From the President

Common Schooling and the Common Good

A Historian’s View of the Public School System

Jacqueline Jones | Oct 12, 2021

Jackie Jones

come from a family of proud public school supporters. I attended public elementary, junior high, and high schools and then went to the University of Delaware for a BA and the University of Wisconsin–Madison for a PhD—so I had 22 consecutive years of public schooling! My mother taught as a substitute teacher and as an English instructor at a local public community college. She was a mainstay of our local parent-teacher association. My father was active in public school board politics at the school, district, and state levels, eventually serving as president of our state’s board of education.

My father’s commitment made an impression on me at an early age. He was rarely home in the evenings. After a full day of work as an accountant, he came home for dinner and then went back out to some kind of school board meeting, which might last well into the night or the early hours of the morning. He took seriously the idea that ordinary citizens should assume responsibility for public education. At the same time, I think he relished the debates that were part of school board politics—arguments over competing policies and priorities leavened with the inevitable personality conflicts.

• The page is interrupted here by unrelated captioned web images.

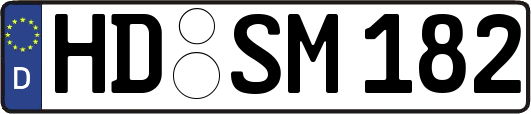 HD-SM182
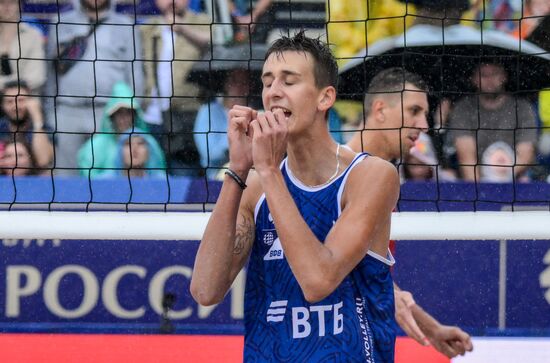 Russia Beach Volleyball Cup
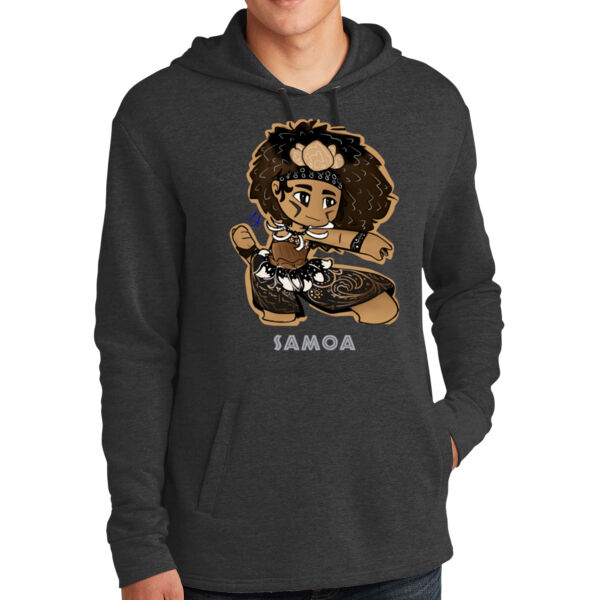 Teine Samoa Hoodie Thumbnail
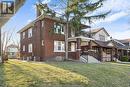 1041 Bruce Avenue Unit# Upper, Windsor, ON  - Outdoor 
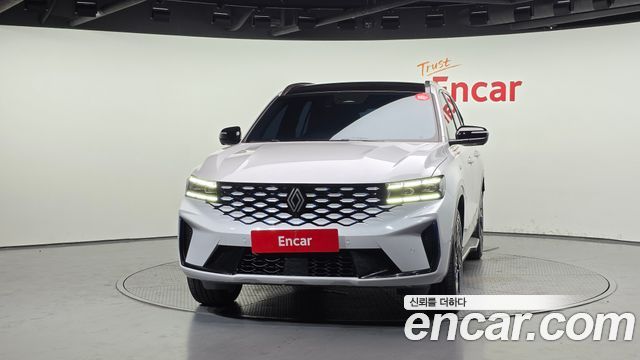 Renault Samsung Grand Koleos 1.5 E-TECH Esprit Alphine 2WD - фото 2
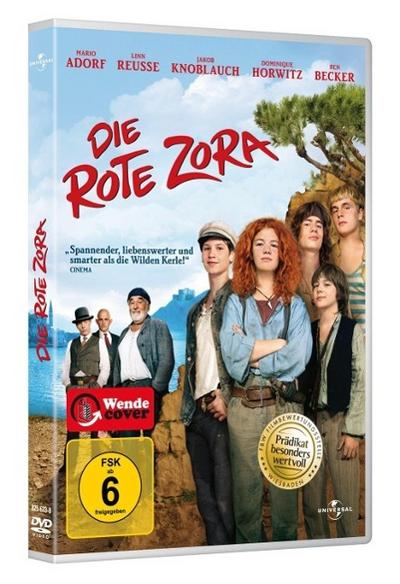 Rote Zora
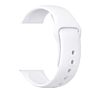 Sport Watch Belt Watch Band Silicone Watches Strap for Apple Iwatch 6 Se 38Mm 40Mm 42Mm 44Mm Series 5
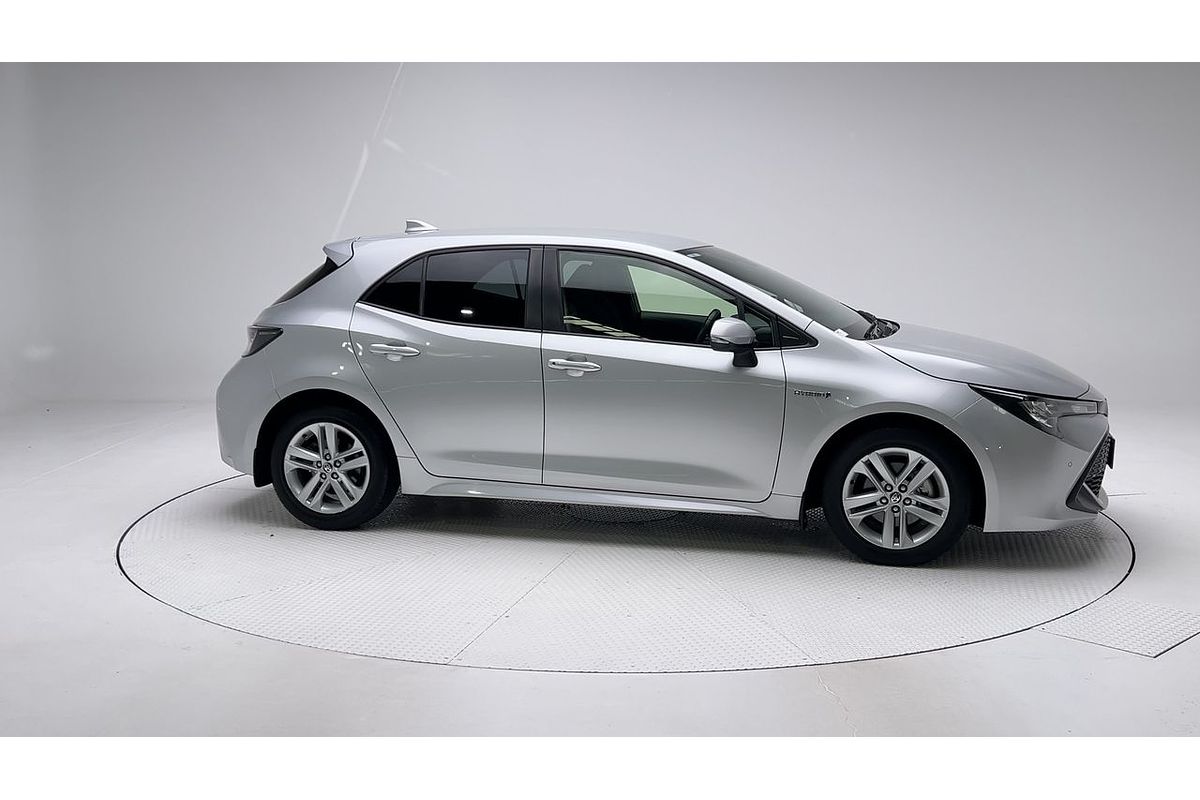 2020 Toyota Corolla SX Hybrid ZWE211R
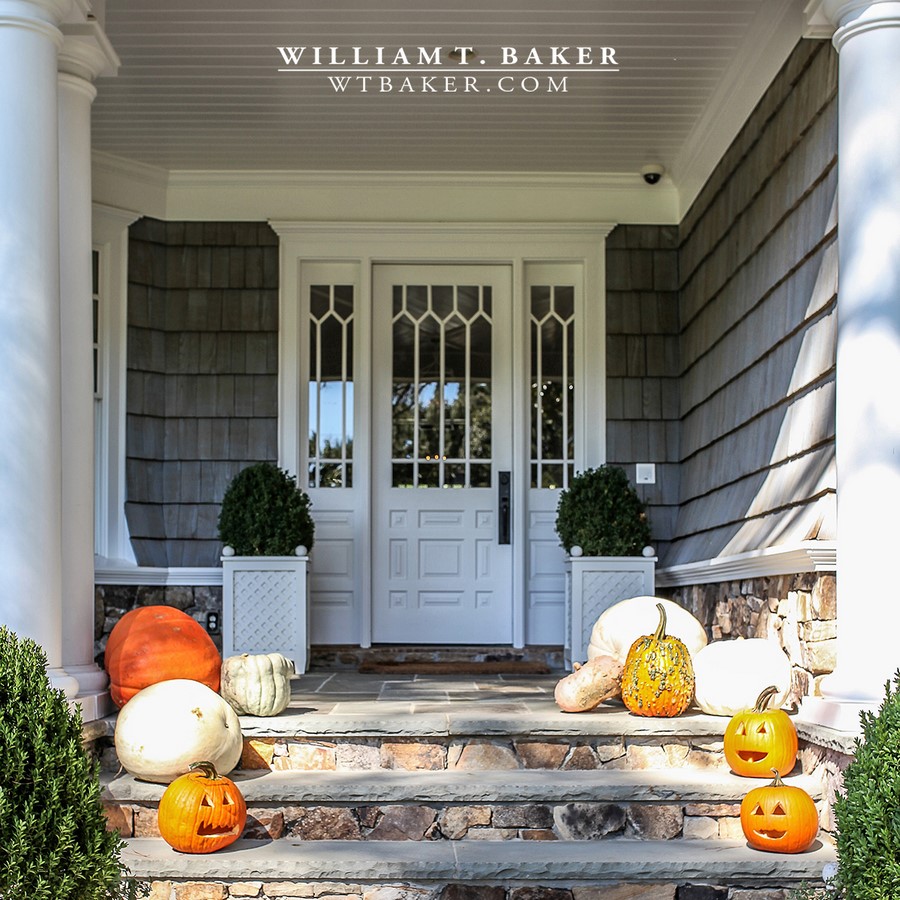 Miller House By William T Baker - Sheet3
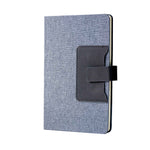 RPET Notebook with Card Holder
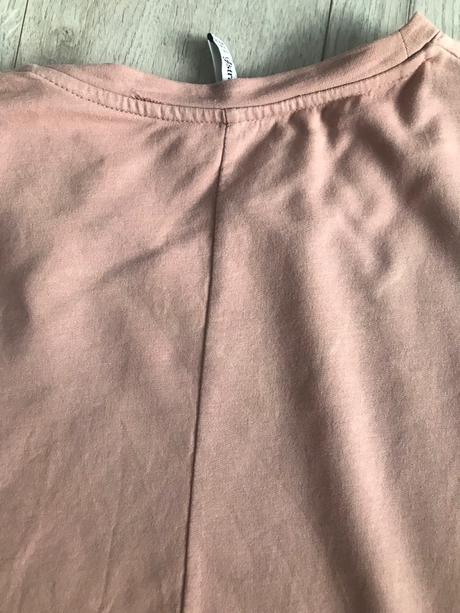 Trendy teplákové šaty/tunika, stradivarius,l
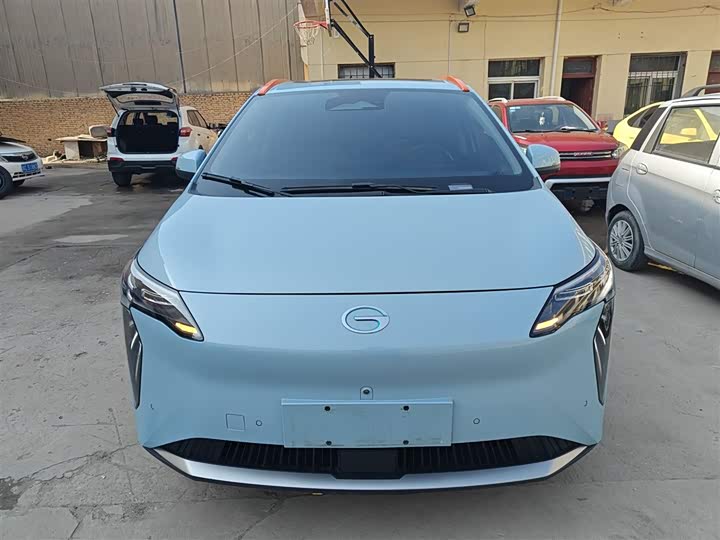 Фото 3 - GAC Aion Y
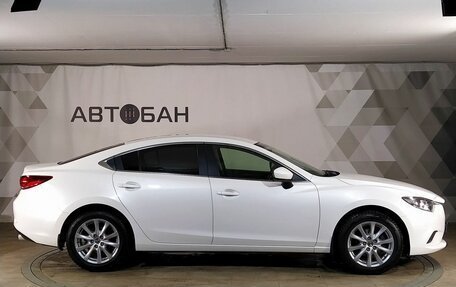 Mazda 6, 2014 год, 1 739 000 рублей, 6 фотография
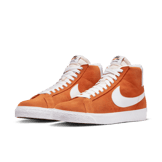 Nike SB Zoom Blazer Mid Skate Shoes Angle 2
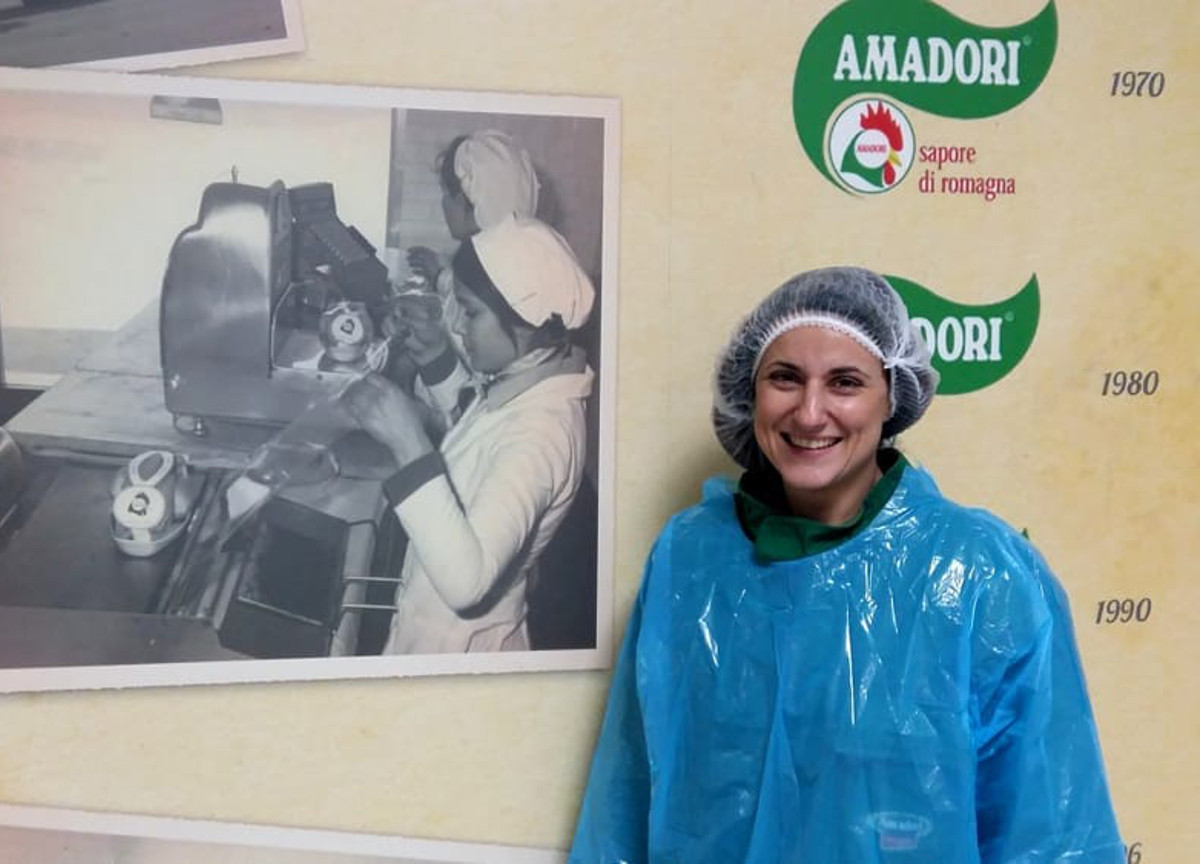 Amadori, “Nipote licenziata? Non veniva più a lavoro”. La “dinasty” del pollo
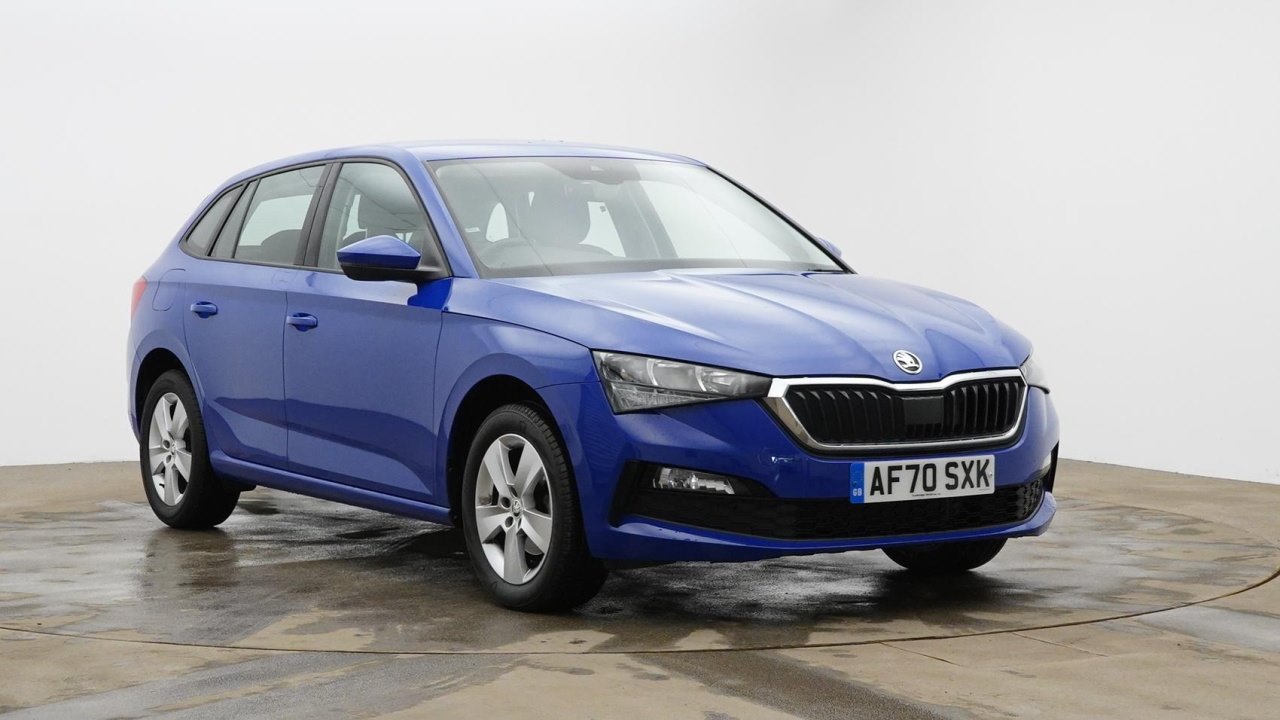 Main listing image - Skoda Scala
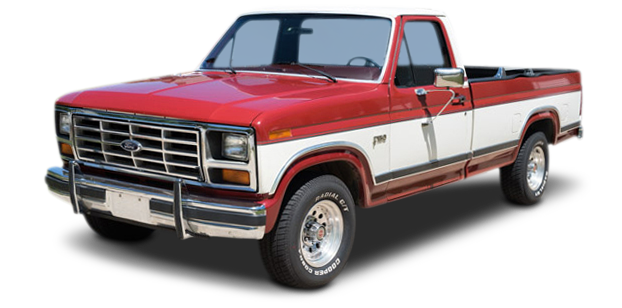 Ford F150 1986 - 1996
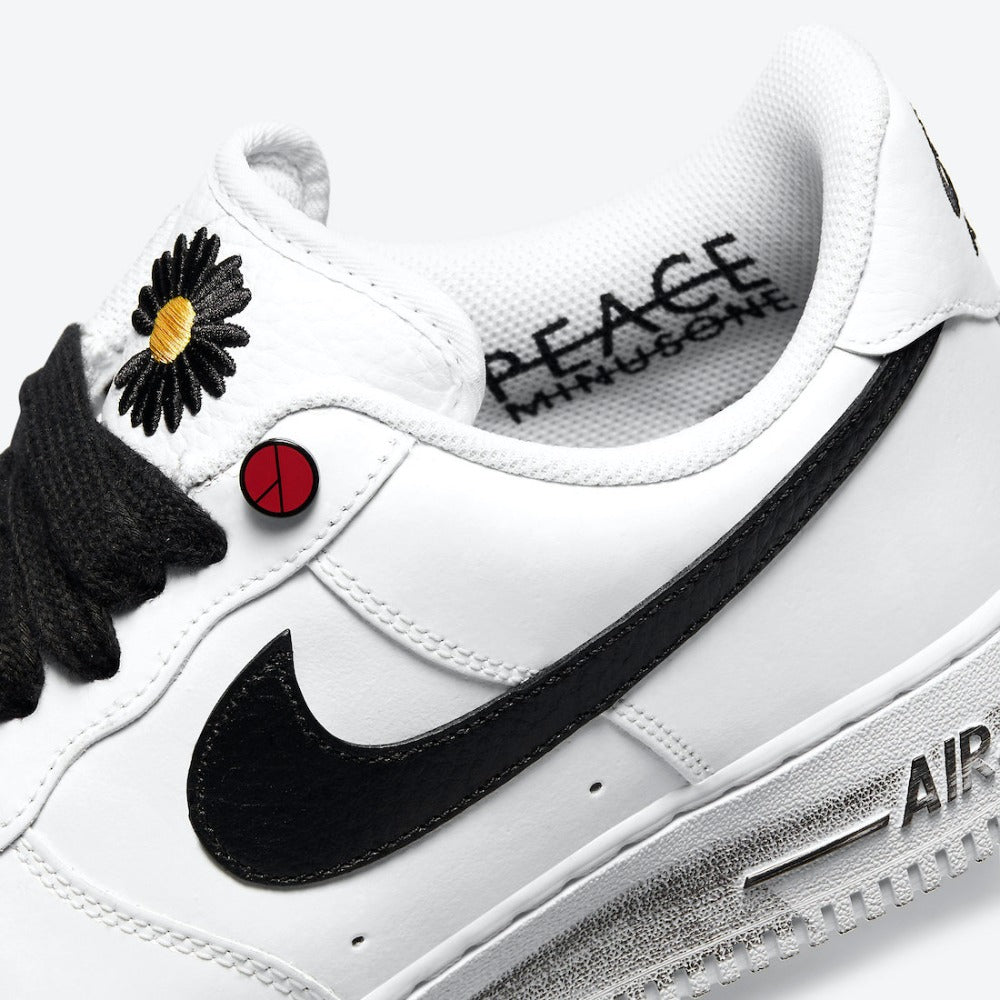 Nike G-Dragon x Air Force 1 '07 'Para-Noise 2.0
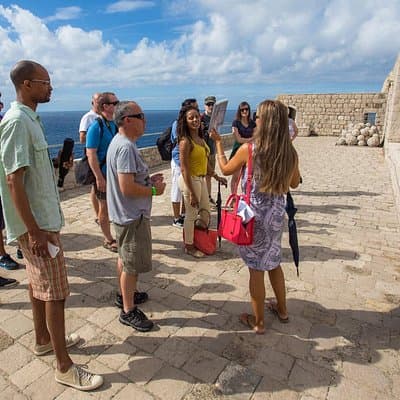 Private 3-hour Game of Thrones Tour in Dubrovnik with City Walls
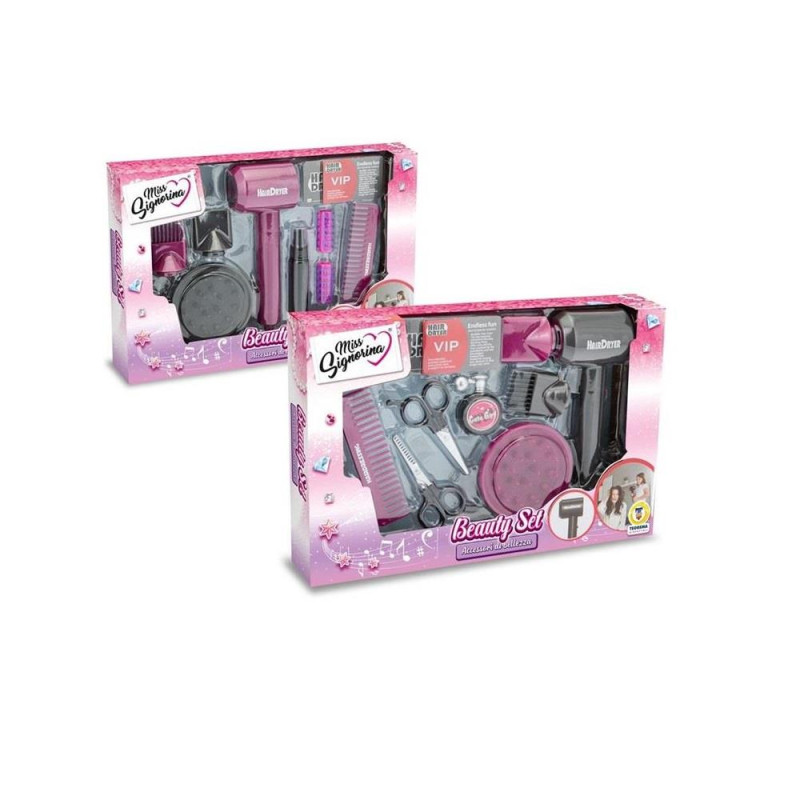 BEAUTY SALOON PHONO A BATTERIA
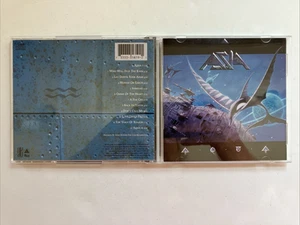 Aqua by Asia: CD, ( Carl Palmer, Steve Howe, Roger Dean) Like New Condition - Imagen 1 de 2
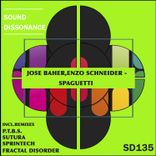 Portada para "Spaguetti"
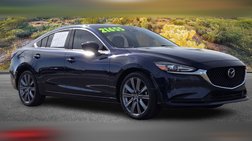 2021 Mazda MAZDA6 Touring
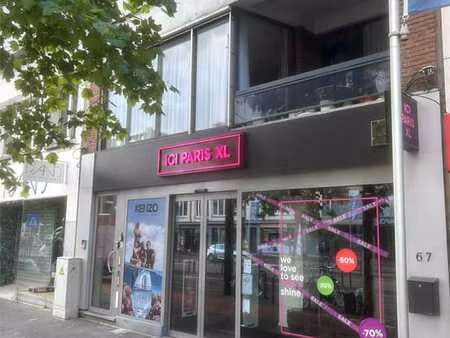 investeringseigendom verhuurd aan ici paris xl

I believe that the public school system is a common good, a foundation of informed citizenship and economic well-being that should be accessible to all children regardless of where they live or the income of their parents. Polls consistently show that Americans support their local public schools; even with all their failings, they remain anchors of community and civic responsibility.

As a college student, I became interested in the history of the property tax as a means of funding public schools. It was a terrible idea from the start, giving rise to wildly unequal districts—ones in affluent areas with high property values and ones in poor areas with fewer taxable resources. Local control of schools is an American tradition, but our hypersegregated residential patterns tend to solidify insidious patterns of inequality. Alternative ways of funding public schools—through state appropriations or a lottery, for example—have not eliminated the wide disparity in the resources available to schoolchildren depending on where they live. Parents in affluent districts can still hold auctions and other fundraisers that enhance a school’s budget, enabling a school to hire more teachers, offer art and music education, fund field trips, purchase computer equipment, and so forth.

The public school system is a common good, a foundation of informed citizenship and economic well-being that should be accessible to all children.

In graduate school, I delved into the history of the origins of American public education. Massachusetts’s Horace Mann and other early supporters of tax-supported public schools aimed to create a “common” system—that is, one common to children all over the country. In an era of high rates of residential mobility, these reformers wanted to ensure that a student could finish second grade in Boston and start third grade the following year in Cincinnati. Yet this system of schooling was uneven and discriminatory from the beginning. Reformers hoped to instruct schoolchildren in the responsibilities of citizenship and hoped to inculcate in children of the laboring classes the self-discipline required of factory work. Black children did not fit into either of these aims; as adults, they would be pushed to the margins of citizenship and excluded from machine work until well into the 20th century. State-mandated systems of segregation systematically denied Black and other minority schools the resources they needed to provide a decent education for their children.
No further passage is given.